Social novelty has a special place in the brain
In a study published in the journal Nature, researchers at the RIKEN Center for Brain Science (CBS) in Japan report that a part of the mouse brain called the SuM is specialized for detecting new experiences. Within the SuM, responses to experiences related to unknown individuals—called social novelty—were segregated from those related to unfamiliar places—called context novelty—before being sent to distinct parts of the brain's main memory-formation center. This discovery can help us understand normal memory, as well as conditions in which recognizing and reacting to new information is impaired.
Meeting someone for the first time or entering an unfamiliar apartment is a much different experience than meeting an acquaintance or walking into your own home. Normal social interactions, daily functions, and even survival can depend on being able to make the distinction between the unknown and the familiar.

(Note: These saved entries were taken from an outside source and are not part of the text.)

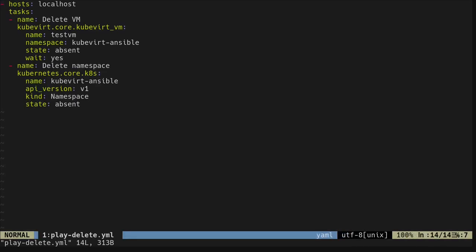You can see this playbook is using the Kubevirt VM module again, this time setting the state of the virtual machine to absent. After deleting the VM, we are also going to delete the namespace we created earlier. For this, we are using the K8S module of the Kubernetes core collection. Here, we are also setting the state of the namespace to absent.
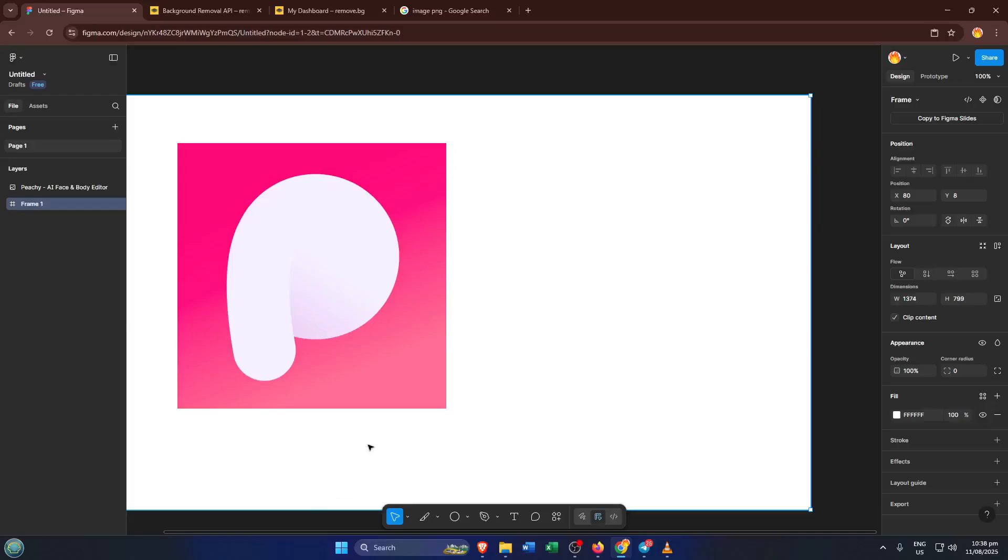Hey everyone, welcome back to the channel. Today I'm going to show you how to create a sleek app icon in Figma step by step.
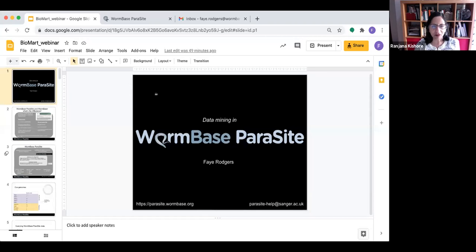I'm Ranjana Kishore. I'm a curator and it's my pleasure to welcome you to the fifth webinar in our ongoing webinar series. In today's webinar, my colleague Faye Rogers will give an overview of Parasite BioMart, one of our data mining tools.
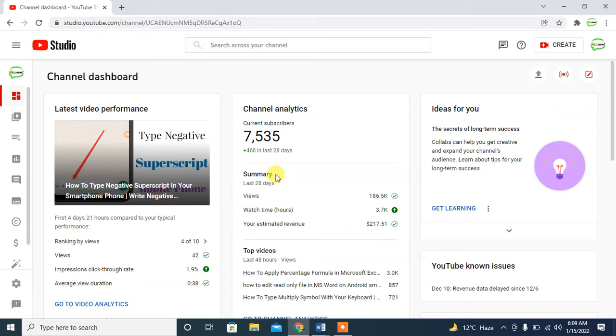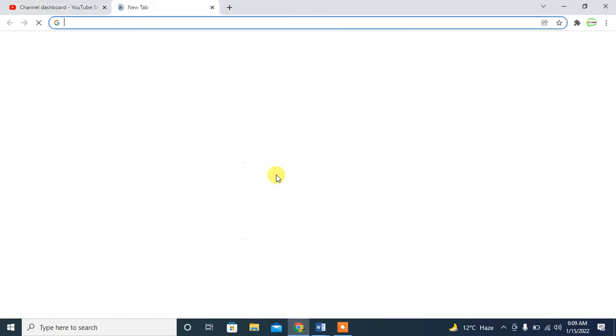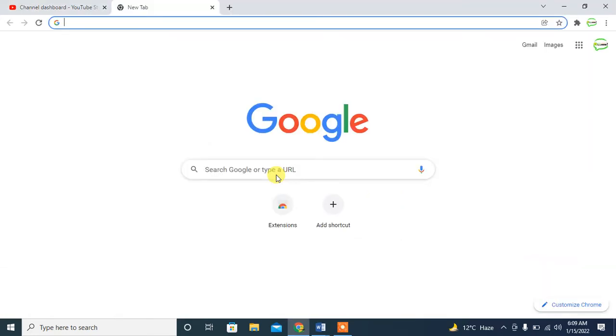The shortcut key for opening a new tab is Ctrl+T. Press Ctrl and then press T. You can see that a new tab has been opened. Now, if you want to close this tab, what will you do?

Almost all animals seem to be born with this ability, and like other innate behaviors, the team at RIKEN CBS hypothesized that a region of the brain called the hypothalamus might be involved.
To test this hypothesis, they exposed mice to two types of novelty: contextual or social. The novel context was an unfamiliar cage with a few landmark objects and the social novelty was an unfamiliar juvenile mouse. They found that overall brain activity in a part of the hypothalamus called the SuM was much higher in these novel situations than when mice were placed in familiar cages or near familiar mice. "The hypothalamus is a very highly conserved region of the brain across evolution, mostly thought to be involved in innate behaviors like feeding, mating, parenting, and fighting," says Team Leader Thomas McHugh. "Our data suggest that it could also serve as a link between these survival-type behaviors and higher cognitive function."
Surprisingly, although the SuM signaled novelty overall, the majority of individual brain cells in the SuM only responded to one or the other type of novel situation. This is the first time that anyone has found a social/contextual split within a novelty circuit in the brain. In order to see how far the separation went, the team needed to create a new transgenic mouse line that would allow them to see exactly where these SuM neurons project and what they do.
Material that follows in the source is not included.